A scraper for Autobiography collection.
Source: garamantas.lv

First, all links to the autobiographies were identified in the collection, using https://garamantas.lv/lv/collection/index?CollectionSearch%5Brepository_id%5D=1115628 as a base URL. Key to the autobiography links was combination of "/lv/collection/" and IDs of each collection. The result, however, will exceed the 219 autobiographies.

In [2]:
import requests
from bs4 import BeautifulSoup
import csv
from urllib.parse import urljoin
import re

def find_unique_collection_pages(base_url):
    """
    Finds all unique collection pages containing '/lv/collection/' in the base URL.
    Returns a list of absolute URLs.
    """
    response = requests.get(base_url)
    soup = BeautifulSoup(response.content, 'html.parser')
    collection_links = set()  # Using a set to ensure uniqueness

    for link in soup.find_all('a', href=True):
        absolute_url = urljoin(base_url, link['href'])
        if '/lv/collection/' in absolute_url:
            collection_links.add(absolute_url)

    return list(collection_links)

def scrape_and_save_links(collection_links):
    """
    Scrapes links from each collection page and saves unique links to 'links.csv'.
    """
    unique_links = set()  # Set to store unique links
    for collection_link in collection_links:
        response = requests.get(collection_link)
        soup = BeautifulSoup(response.content, 'html.parser')
        target_links = soup.find_all('a', href=True)

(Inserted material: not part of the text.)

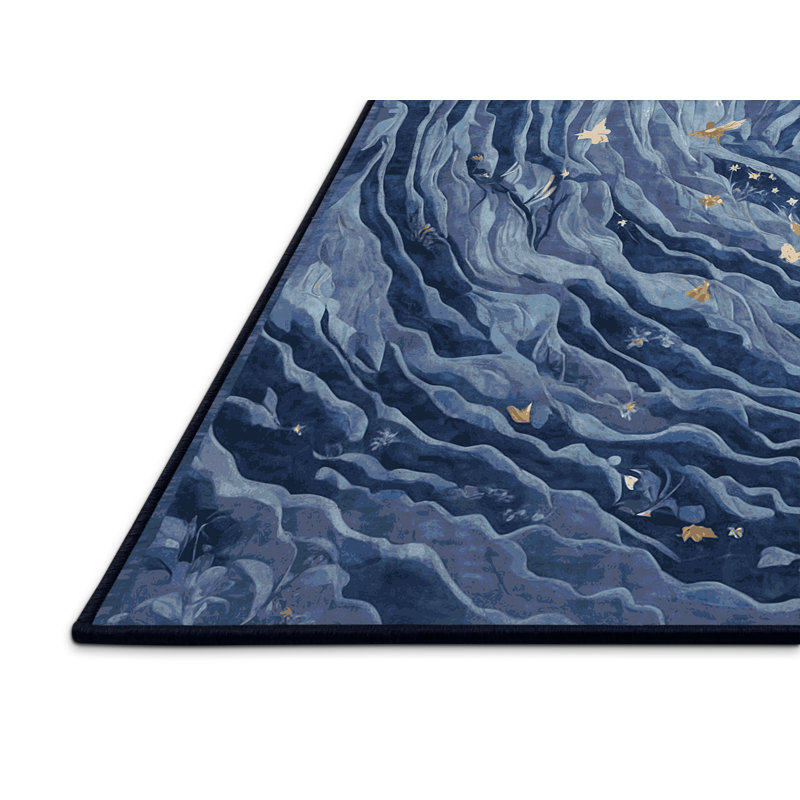 Silky Soft Plush Blue Area Rug, Round 5'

        for link in target_links:
            href = link['href']
            # Check if the link matches the specified structure
            if re.match(r'/lv/collection/\d{7,}/[a-zA-Z]+', href):
                unique_links.add(href)  # Add to set to ensure uniqueness

    # Save the unique links to 'links.csv'
    with open('links.csv', 'w', newline='') as csvfile:
        writer = csv.writer(csvfile)
        writer.writerow(['Link'])
        for link in unique_links:
            writer.writerow([link])

    print(f"{len(unique_links)} autobiography links saved to links.csv")

# Example usage:
base_url = 'https://garamantas.lv/lv/collection/index?CollectionSearch%5Brepository_id%5D=1115628'
collection_pages = find_unique_collection_pages(base_url)
scrape_and_save_links(collection_pages)

428 unique links saved to links.csv


428 unique links are a significantly more than the actual number of 219 autobiographies, but this selection allowed to analyse the structures of the data in the repository. With a simple function it will be possible to filter the unnecessary files and reconstitute them as full URLs for each of the autobiographies.